As college students were identified as participants in a white supremacist rally in Charlottesville, Va., earlier this month, there seemed to be little that their institutions could do about it. Although they received calls from other students and communities to discipline or expel students involved, Washington State University and the University of Nevada, Reno, were bound to protect their students' First Amendment rights to freedom of speech and assembly.
Not so at private colleges, however, where at least one student has been kicked out, and another has voluntarily left after he says he received death threats.
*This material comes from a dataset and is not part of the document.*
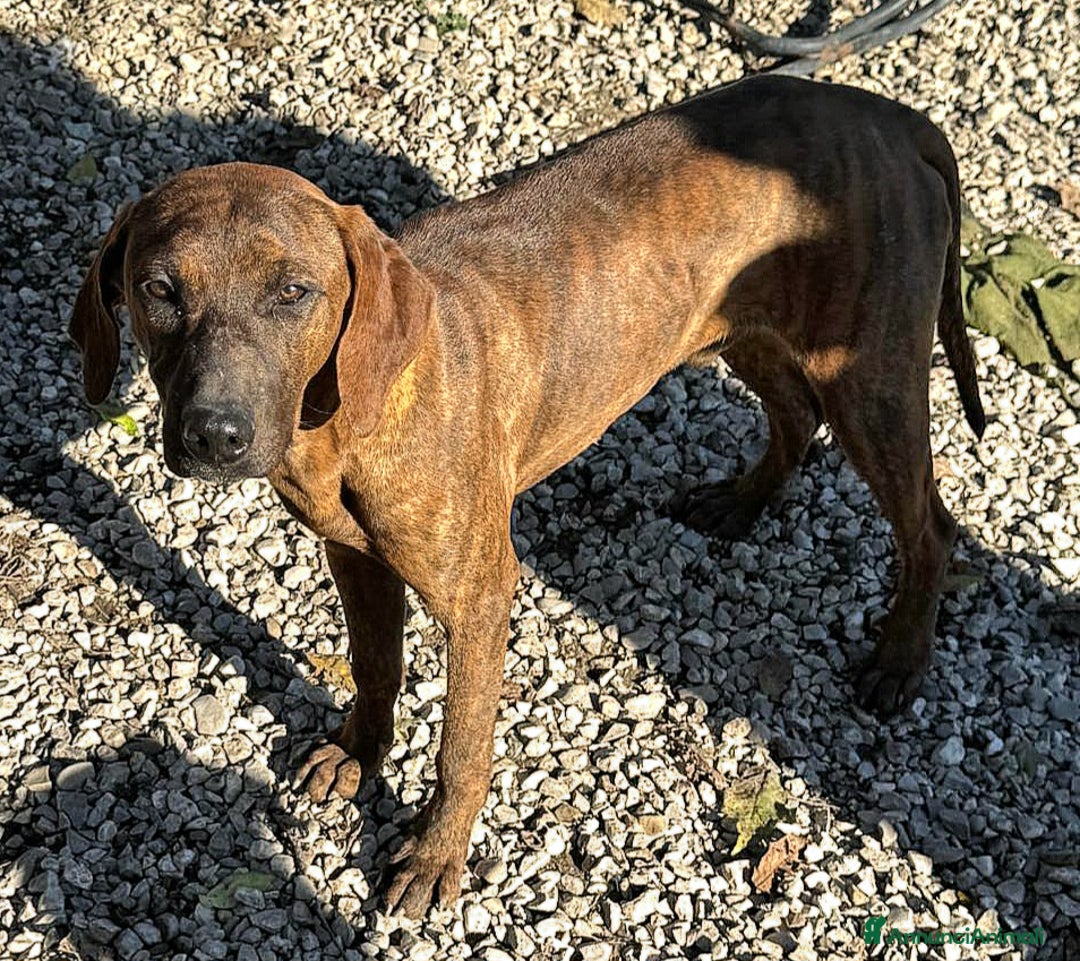 Segugio Maremmano cani in regalo: Sansone 6 mesi taglia media  - Annuncio 2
Pensacola Christian College kicked out student Allen Armentrout after he was photographed standing in front of the Robert E. Lee statue at Emancipation Park in Charlottesville, Confederate flag in hand, three days after the "Unite the Right" rally took place. Armentrout did not attend the rally, where white nationalists and white supremacists shouted racist and anti-Semitic chants and violence broke out, culminating in the death of a woman when a protester drove his car through a crowd of counterprotesters. Instead, Armentrout said he went to the park after the rally to honor Lee.
"I have been released from my school and will be unable to return to college to finish my senior year," Armentrout told local media. "I'm processing this and making adjustments to my life to compensate for this scrutiny."
Armentrout was photographed wearing a Confederate uniform and carrying a Confederate flag, saluting a statue of Robert E. Lee in Charlottesville. He said neo-Nazis and the Ku Klux Klan were distorting the history of the American South, and that Lee was one of the greatest Americans who ever lived.
"I believe a Christian institution should support patriotic individuals who want to stand for American tradition and beliefs. It really hurts me a lot when you try to do what's right and you get attacked," said Armentrout.
Pensacola Christian College still took issue, although it hasn’t been releasing information on the matter, citing privacy policies in place to protect students. Pensacola did not return a request for comment from Inside Higher Ed.
Nicholas Fuentes, an 18-year-old at Boston University, is leaving after having started a degree in political science -- of his own volition, The Boston Globe reported. Fuentes, who denied being a white nationalist and said he rejects Nazism, said the rally was about protesting “immigration, multiculturalism and postmodernism.” He said he has received threats that make it impossible to stay at the university.
“The rally was about not replacing white people,” he said.
On Friday, Aug. 11, protesters chanted, “You will not replace us,” and “Jews will not replace us.”
“You can call us racists, white supremacists, Nazis and bigots. You can disavow us on social media from your cushy Campus Reform job,” he said in a Facebook post. “But you will not replace us. The rootless transnational elite knows that a tidal wave of white identity is coming. And they know that once the word gets out, they will not be able to stop us. The fire rises!”
Neither Fuentes nor Boston University responded to requests for comment.
But calls from community members that students be kicked out aren’t the only demands universities are facing. In addition to renewed calls for Confederate statues and monuments to be removed, the University of Virginia -- where protesters in Charlottesville marched, torches in hand -- is facing calls to revoke the degrees of notable alumni behind the rally.
Richard Spencer, an outspoken white supremacist who attended the Unite the Right rally, and Jason Kessler, who organized it, both hold degrees from UVA. A petition has circulated in recent days, with more than 9,000 signatures, calling on the institution to revoke their degrees. The university did not return a request for comment.
“I graduated from UVA in 2005, and it makes me feel ill that I have to share my alumni status with the men responsible for terrorizing the city of Charlottesville and bringing torch-bearing nazis and klansmen [sic] to the Lawn,” the petition reads.
“I do not care that they earned the class credits needed to get a diploma from UVA. I do not care that they were never caught for honor code violations while they were students. They have violated our university and all if [sic] its students past and present in a way that goes far beyond cheating on a test. They do not deserve to be a part of the UVA community.”
Whether UVA responds to the petition remains to be seen, although most colleges revoke degrees only for academic violations such as cheating, not for political stances taken by graduates after they've left.